Further, the subject contracts submitted by the defendants in support of their motion plainly state that Kaur, as the purchaser, was taking the purchases "AS IS," was not relying on any of the seller's representations, and most notably, undertook his own investigation as to the quality of such purchases. These specific disclaimers destroy the plaintiffs' generalized allegations that the contracts were executed in reliance upon Lema's contrary oral representations (see Travelsavers Enters., Inc. v Analog Analytics, Inc., 149 AD3d 1003, 1007 [2017]; see also Danann Realty Corp. v Harris, 5 NY2d 317, 320-321 [1959]).

"Applications for leave to amend pleadings under CPLR 3025 (b) should be freely granted unless the proposed amendment (1) would unfairly prejudice or surprise the opposing party, or (2) is palpably insufficient or patently devoid of merit" (Maldonado v Newport Gardens, Inc., 91 AD3d 731, 731-732 [2012]). A motion for leave to amend is committed to the broad discretion of the court (see Ravnikar v Skyline Credit-Ride, Inc., 79 AD3d 1118, 1119 [2010]).

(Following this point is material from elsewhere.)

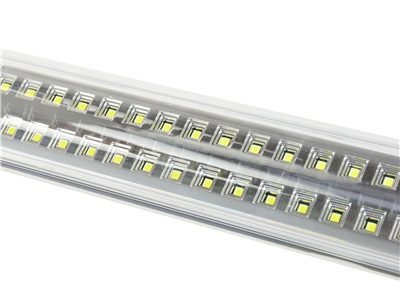 Montážní lampa LED 120 SMD, nabíjecí, s nastavitelným držákem, háčky a magnety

In light of the foregoing authority and the provisions of the subject contracts, the authenticity of which the plaintiffs do not challenge, the Supreme Court did not improvidently exercise its discretion in denying the plaintiffs' cross motion for leave to amend their complaint. Mastro, J.P., Leventhal, Maltese and Iannacci, JJ., concur.